No conceito de lex artis, é cada vez mais saliente a impregnação de componentes éticos e indissolúveis da ideia de uma boa relação médico-paciente, não bastando o cumprimento dos aspectos estritamente técnicos do ato médico. Assim, um procedimento cirúrgico de coordenação corretamente indicado, oportuna e tecnicamente bem executado, não se ajustará à lex artis se o profissional não cumprir com o dever da informação, incluíndo riscos, alternativas terapêuticas, entre outras (GARCÍA DE LA SERRANA, 2004). Tampouco se poderá alegar que seja a atuação do médico de acordo com a lex artis, se não registrou adequadamente o procedimento na história clínica ou se infringiu o princípio ético e jurídico da confidencialidade.

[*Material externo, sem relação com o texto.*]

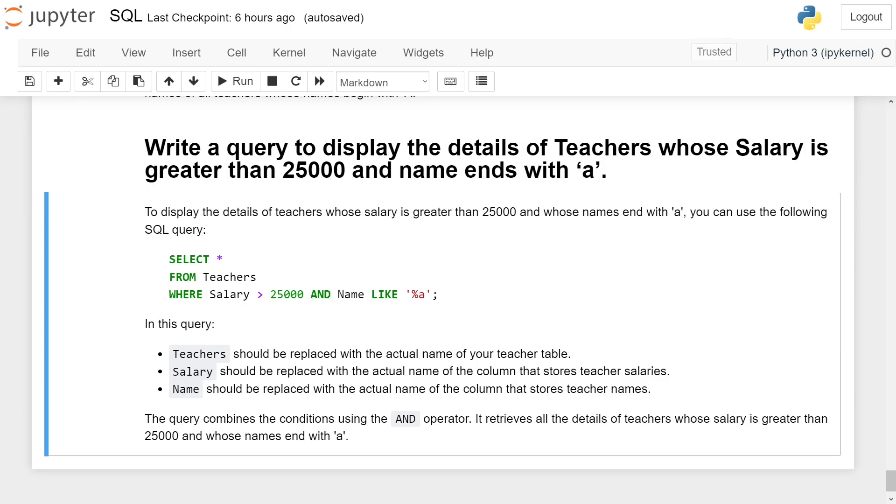It retrieves all the details of teachers whose salary is greater than 25,000 and whose name ends with the letter 'a'.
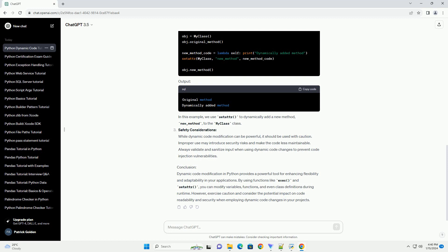Conclusion: Dynamic code modification in Python provides a powerful tool for enhancing flexibility and adaptability in your applications. By using functions like exec and setattr, you can modify variables, functions, and even class definitions during runtime. However, exercise caution and consider the potential impact on code readability and security when employing dynamic code changes in your projects.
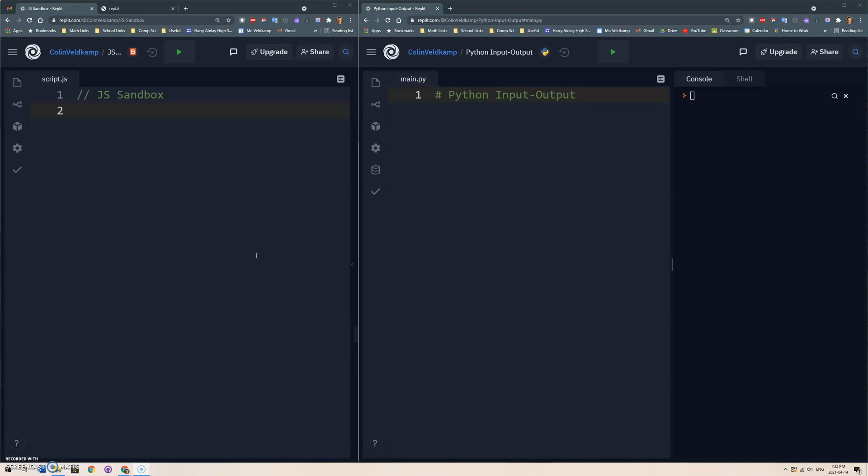All right, I'd like to make a little video series here on doing an introduction to Python, but specifically for people who understand JavaScript, which is most of my students. They've learned some JavaScript, and now we're going to play around with just the basics of Python.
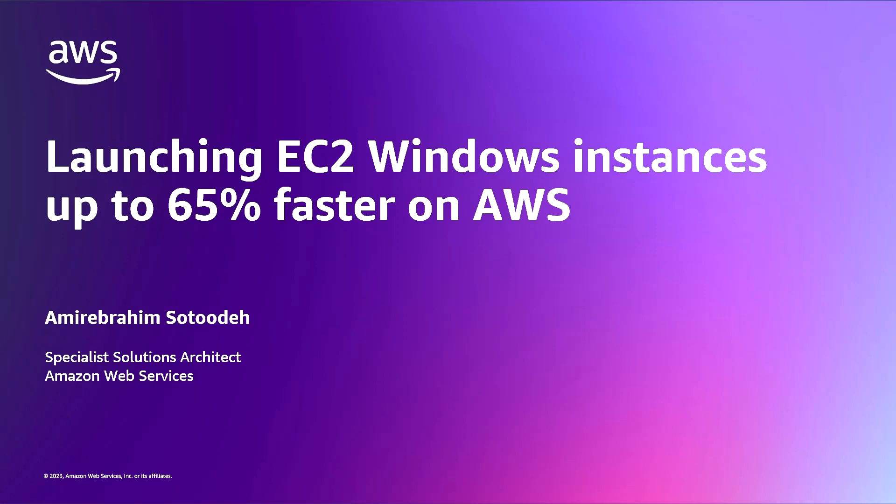Hello, my name is Amir Abrahim Sotoodeh, and I'm a Specialist Solutions Architect here at Amazon Web Services.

A lex artis constitui-se, portanto, em critério valorativo da correção do concreto ato médico executado pelo profissional da Medicina – Ciência ou Arte Médica. Este juízo crítico considera as especiais características do seu autor, da profissão, da complexidade e transcendência vital do ato, e, neste caso, da influência de outros fatores endógenos, para qualificar o ato médico conforme ou não à técnica normalmente requerida.

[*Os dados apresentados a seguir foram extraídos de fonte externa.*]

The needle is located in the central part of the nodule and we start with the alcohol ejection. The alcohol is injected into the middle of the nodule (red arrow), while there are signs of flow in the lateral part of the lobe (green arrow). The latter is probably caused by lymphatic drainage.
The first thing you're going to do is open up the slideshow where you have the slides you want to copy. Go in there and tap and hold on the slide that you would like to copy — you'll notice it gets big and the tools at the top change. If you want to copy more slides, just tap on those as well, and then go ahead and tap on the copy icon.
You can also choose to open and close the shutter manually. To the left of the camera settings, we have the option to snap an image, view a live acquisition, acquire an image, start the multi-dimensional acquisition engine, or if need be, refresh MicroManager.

Direitos, deveres e responsabilidades decorrentes

Se nos tempos passados impunha-se ao médico somente a obrigação de informar ao paciente o nome da enfermidade e uma descrição superficial da sua natureza, não se pronunciando sobre seu grau de compreensão acerca da informação que lhe era fornecida, após a Segunda Guerra Mundial a situação evolui e o consentimento informado culmina em exigência para levar a termo a atividade médica, esta baseada numa percepção ética que distingue e estabelece a dignidade da pessoa humana como pressuposto da sua autonomia moral e, portanto, da sua liberdade ou princípio de autonomia frente ao médico.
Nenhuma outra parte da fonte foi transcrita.